/vt

DARMA/vt => Virtual Transport

Primary LanguageC++OtherNOASSERTION

vt => virtual transport

Introduction : What is vt?

vt is an active messaging layer that utilizes C++ object virtualization to manage virtual endpoints with automatic location management. vt is directly built on top of MPI to provide efficient portability across different machine architectures. Empowered with virtualization, vt can automatically perform dynamic load balancing to schedule scientific applications across diverse platforms with minimal user input.

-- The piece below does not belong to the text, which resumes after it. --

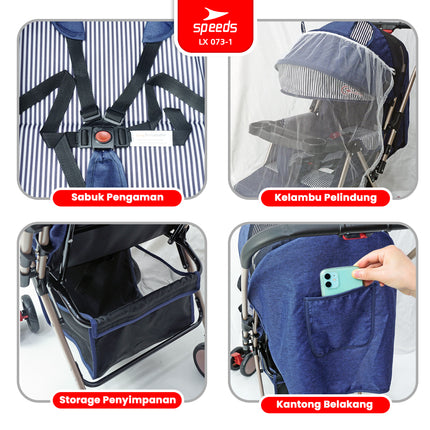 SPEEDS Stroller Anak Newborn Baby Premium Bayi Stroller Kereta Dorong Bayi Fitur Lengkap 073-1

vt abstracts the concept of a node/rank/worker/thread so a program can be written in terms of virtual entities that are location independent. Thus, they can be automatically migrated and thereby executed on varying hardware resources without explicit programmer mapping, location, and communication management.

Building

vt can be built with cmake.

To build vt, one must obtain the following dependencies:

Optional:

If testing is enabled:

If threading is enabled:

  • OpenMP or
  • std::threads (default from C++ compiler)

Required:

  • detector, (vt ecosystem)
  • checkpoint, (vt ecosystem)
  • MPI, (mpich/openmpi/mvapich)

Automatic build

The "auto" builder is located here: git@github.com:darma-mpi-backend/vt-auto-build.git

To learn how to use to auto builder follow the directions in the vt-auto-build repository. The options to the script can be found by executing this on the command line:

$ git clone git@github.com:darma-mpi-backend/vt-auto-build.git
$ cd vt-auto-build
$ perl ./auto.pl --help
  usage auto.pl <arguments>...
  Format each argument to script as: <argname>=<argval>
  Example: "auto.pl mode=fast"
    <argument-name>  |  <required> | <default>           |  <value>
    build_mode       |  true       | <no-default-value>  |  <no-default-value>
    compiler_c       |  true       | <no-default-value>  |  <no-default-value>
    compiler_cxx     |  true       | <no-default-value>  |  <no-default-value>
    vt_build_mode    |  false      |                     |
    root_dir         |  false      | <path>              |  <path>
    build_tests      |  false      | 1                   |  1
    kokkos           |  false      |                     |
    build_kokkos     |  false      | 0                   |  0
    prefix           |  false      |                     |
    par              |  false      | 14                  |  14
    dry_run          |  false      | 0                   |  0
    verbose          |  false      | 0                   |  0
    gtest            |  false      |                     |
    clean            |  false      | 0                   |  0
    backend          |  false      | 0                   |  0
    atomic           |  false      |                     |
    mpi_cc           |  false      |                     |
    mpi_cxx          |  false      |                     |

This command may get you most of the way there:

$ perl ./auto.pl build_mode=debug compiler_c=clang-3.9     \
  compiler_cxx=clang++-3.9 prefix=my-prefix-dir

Manual Build

To start out, obtain gtest, detector, and checkpoint (in that order). Stitch them up with cmake, by passing the appropriate paths as they are built.

Build and install them.

Once all the dependencies are properly installed, point vt cmake to the install paths of each one of them. To build vt, the script located at vt/scripts/build_pl.pl can be run to configure cmake for building. The following is an example of how to use the script to configure with openmpi and clang 3.9 compilers:

$ mkdir vt-build
$ cd vt-build
$ perl ../vt/scripts/build_vt.pl build_mode=debug compiler=clang               \
  compiler_c=mpicc-openmpi-clang39 compiler_cxx=mpicxx-openmpi-clang39         \
  build_tests=1 vt_install=../vt-install

Run cmake and enjoy!

If vt is built with testing, make test can be executed to run the unit and integration tests. The components detector, and checkpoint can be found within the vt ecosystem. They are separate repositories but are exported as separate cmake packages for reusability.